Smackover brought Arkansas to the national attention in 1920s when it was ranked 1st amongst the nation’s oil fields. Before the oil industry came to Smackover, the region struggled producing cotton and timber. On January 10, 1921, the The Busey No. 1 well near El Dorado, Arkansas and 15 miles from Smackover blew in as Arkansas’ discovery well. Geologists scoured the region for more deposits. The Richardson No. 1 struck oil closer to home on July 29, 1922. The small village of 100 boomed to 25,000 within months. Twenty-five million barrels of oil were produced in Smackover within the first year. Almost 1,000 oil wells had been drilled. Subsequent discoveries kept the region a continuously producing petroleum region. While petroleum production has died down, it continues at a more moderate pace in the region even today.

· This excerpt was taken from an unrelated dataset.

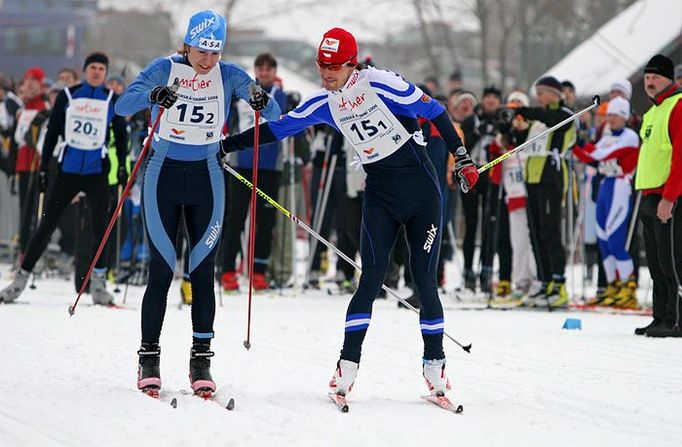 "Hop! Hop! Hop!" křičeli lidé u trati. Martin Koukal předává Kateřině pomyslnou štafetu.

The Arkansa Museum of Natural Resources is only a mile outside of Smackover. It is a sprawling 25,000-square-foot exhibit and research site featuring Arkansas’ history and role in the petroleum industry. Travel back in time to the carbon based origins of oil or visit a 1920s Arkansas boom town complete with land office, theater, boarding house, and jail. Interactive displays demonstrate the extraction, refinement, distribution, and uses of petroleum today.
The adjacent Oil Field Park features working modern and period oil wells, rigs, and storage barrels. Get a little closer to nature and natural resources by walking through the wooded property and past a 1920s standard rig and equipment.